Serverless ML inference in Python: ONNX on CPU, load once

Serve a trained model behind an HTTP route without running a model server. The load-once-at-module-scope pattern, ONNX and scikit-learn attached as layers, memory and timeout budgets, warm pools, and the honest CPU-only limits.

Serverless ML inference in Python: ONNX on CPU, load once

Serverless ML inference without running a model server

You have a trained model. Maybe it is a scikit-learn classifier, a small gradient-boosted ranker, or an embedding head exported to ONNX. The inference code itself is short: load a file, call session.run(), return a JSON array. The awkward part is everything wrapped around it. The usual way to serve that model is to keep a container or a dedicated model server running 24/7, size it for peak traffic, and pay for the idle time between requests. For request-driven, bursty inference, that is a lot of standing infrastructure around a function that mostly waits.

Serverless ml inference flips that around. You deploy the handler, wire it to an authenticated HTTP route, and the platform runs it on demand — no server to keep warm by hand, no autoscaling group to tune. On Inquir Compute this runs on container-backed Python 3.12, one container per function, with per-function dependency isolation. The model file lives inside the function bundle, the runtime loads it once, and warm containers reuse it across requests.

This post is the honest version of that story: cpu inference only (there is no GPU on this platform), the load-once-at-module-scope pattern that keeps warm requests fast, ONNX and scikit-learn attached as layers rather than baked into every deploy, and the memory and timeout budgets you have to fit inside. If your model is small-to-medium and your traffic is spiky, model inference serverless is a genuinely good fit. If you need GPU throughput or single-digit-millisecond tail latency at high QPS, it is not — and I will say so plainly in the limits section.

Why a glibc Python 3.12 runtime matters for ONNX serverless

The reason so much serverless machine learning advice starts with “it depends on your runtime” is that the runtime decides whether your wheels even load. Two things about Inquir’s Python runtime make onnx serverless work cleanly.

First, it is a real CPython process, not a V8 isolate. Edge and isolate platforms do not run native ML wheels at all — onnxruntime ships a compiled binary, and an isolate simply cannot load it. Anything that depends on a real CPython interpreter with C extensions is off the table on those runtimes, no matter how small the model is. Container-backed Python does not have that problem: the handler runs in an ordinary Linux process.

Second, the base image is Python 3.12 on glibc (Debian slim), not musl/Alpine. This matters more than it sounds. onnxruntime, onnx, and scikit-learn all publish prebuilt manylinux wheels. On a glibc base those wheels install and load exactly as published — the same way they do on a normal Linux box or in a CI runner. On a musl-based image the prebuilt manylinux wheels do not match, so you either fall back to slow source builds or pin to older versions that happen to have musl wheels. A glibc runtime is what lets you pip install onnxruntime and get the fast, tested, precompiled binary without a fight.

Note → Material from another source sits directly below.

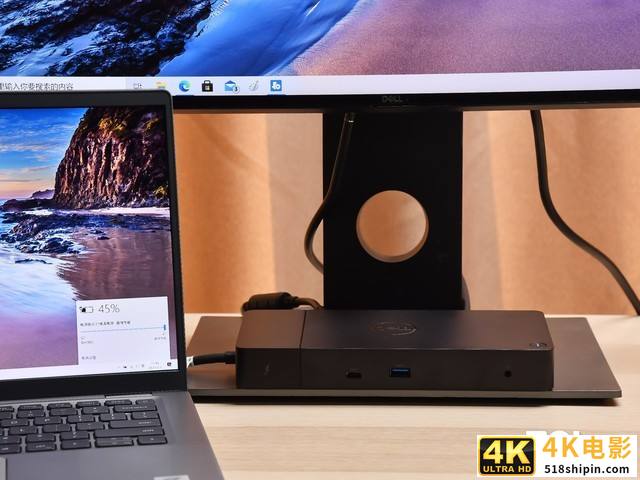 戴尔Thunderbolt坞站WD19TB评测：高阶商用利器-第17张图片-90博客网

Put together: a real interpreter plus a glibc base is the boring foundation that makes python serverless ml predictable. Your local pip install, your CI, and the deployed function all resolve the same wheels — exactly the property you want when the thing you ship is a numerically sensitive model.

The load-once pattern: build the session at module scope

Here is the single most important idea for fast cpu inference on a serverless runtime: load the model once, at import time, and reuse it.

A serverless function is not a fresh process per request. On Inquir, hot/warm container pools are on by default — the platform keeps at least one warm container per function and can scale up to eight. The first request into a fresh container is a cold start: the interpreter boots, your module is imported, and any top-level code runs. Every subsequent request that lands on that same warm container skips all of that and calls straight into your handler function.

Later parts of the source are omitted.